The main reason that some teams may have an effective rate that looks much different than the rates of the home city and state is the schedule. A team like the Orioles, for instance, has to play the Yankees, Red Sox, and Blue Jays umpteen times, all of whom have high rates in their respective cities. This is different than a team that gets to play the Marlins and Braves 18 times each. Of course, as Tony and I finished our research, the state of Illinois raised its income tax. Damn Illinois always making things difficult! [Ed. Note: You don't know the half of it.]
Does it really come as a surprise that the Yankees players will incur the most tax? The New York state and city taxes are high as it is, but like the Orioles the Yankees have to play against several high-tax teams many, many times. The teams with very low effective rates are those without state income tax in their home state. What makes this particularly interesting is how the Rangers and Mariners are in the same division and play each other so many times during the year; maybe that rivalry should be named the Tax Heaven Rivalry. The AL Central seems to have the least disparity amongst the teams, which is noteworthy given that the Tigers, at 5.304 percent, define the median of the group. Additionally, the Royals represent the average of the group, as their 5.091 percent comes closest. The New York teams occupy the high end of the range, with the Astros at the other end.
The next step in an exercise like this is to program the same spreadsheet to factor in the various brackets in each pertinent state and city, so that an end user can input a player and his salary, as well as his home team, and basically come up with a gross-to-net calculation of take-home pay. This way we could come pretty darn close to definitively comparing offers from teams. Then again, there are always going to be quirks, such as some Yankees players negotiating state and city tax payments into their contracts to avoid having this much withheld, but hey, that is accounting for you.

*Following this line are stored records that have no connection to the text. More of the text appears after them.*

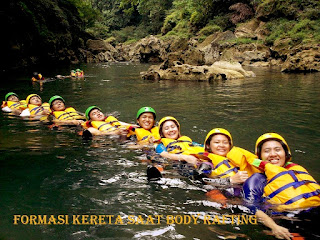 formasi kereta saat body rafting di green canyon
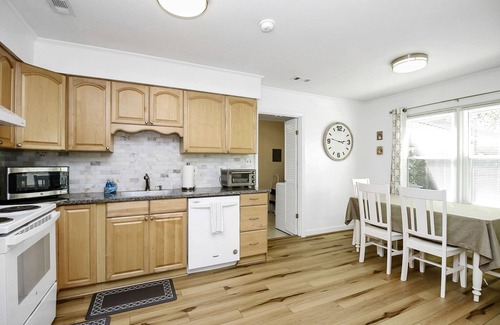 McAlpine House | Cozy home in South Charlotte near Ballantyne/PinevilleI485/I77 Sorry, No Pets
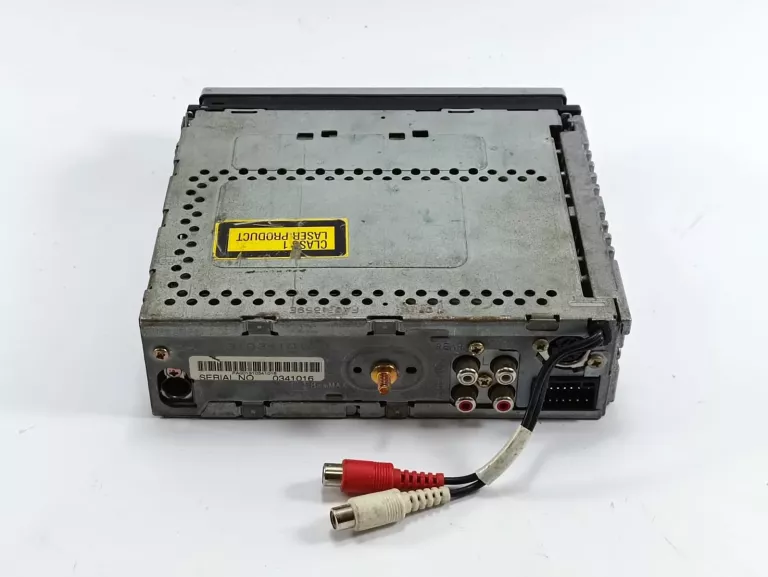 RADIO SAMOCHODOWE PANASONIC DFX400N USZKODZONE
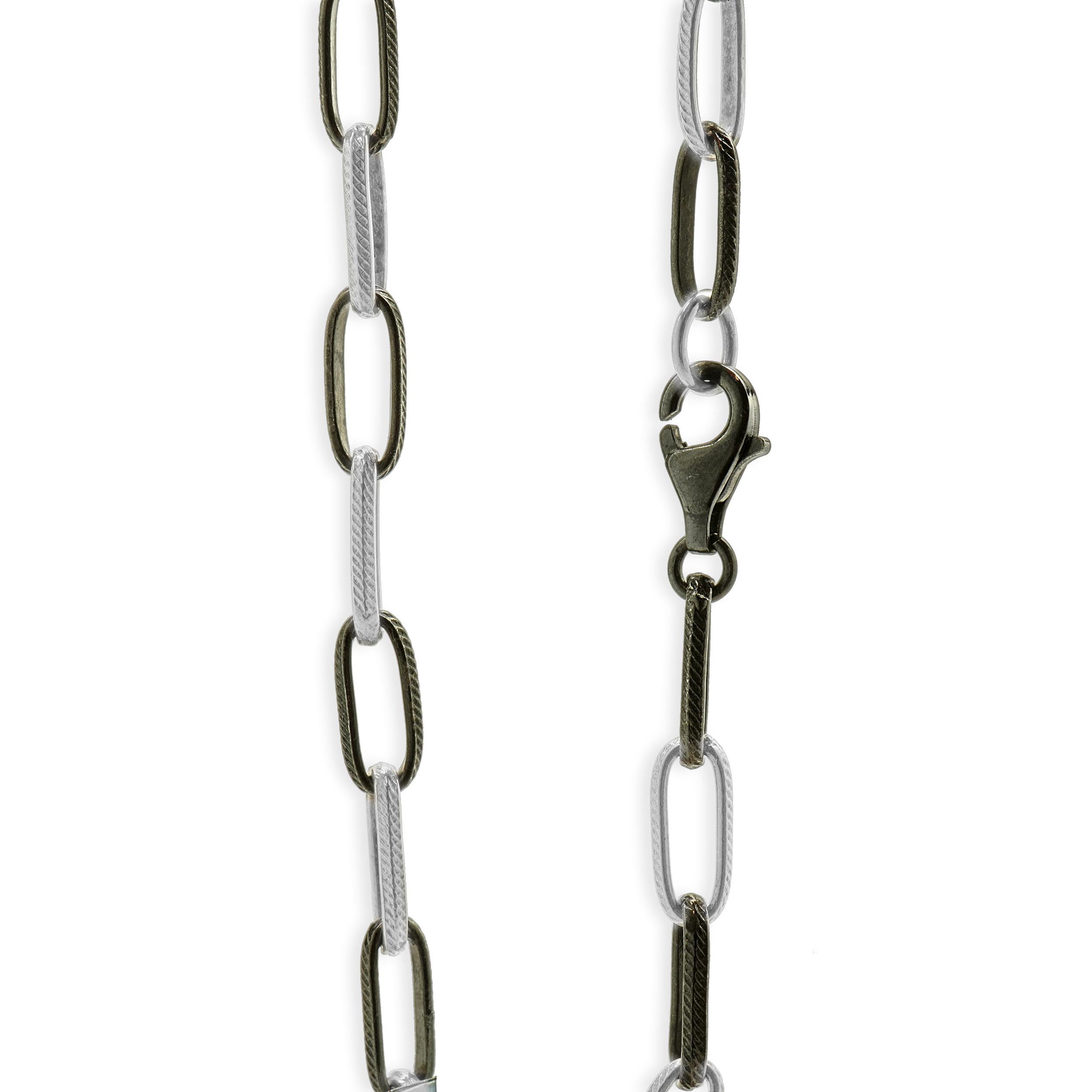 Concepteur : personnalisé
Matière : Argenté
Dimensions : le collier mesure 15,75 pouces de long.
Poids : 15,77 grammes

The percentages shown above might not seem like all that much, but for a player making $2 million, who is already losing a high percentage of that salary to the federal government, the difference between signing a one-year deal with the Astros and the Mets can amount to over $100,000 of tax liability.
Hopefully, these articles have shed some light on how zany the jock tax can be. Going forward, my hope is that they can serve as a foundation for future studies that attempt to compare offers to free agents by factoring in the tax effect.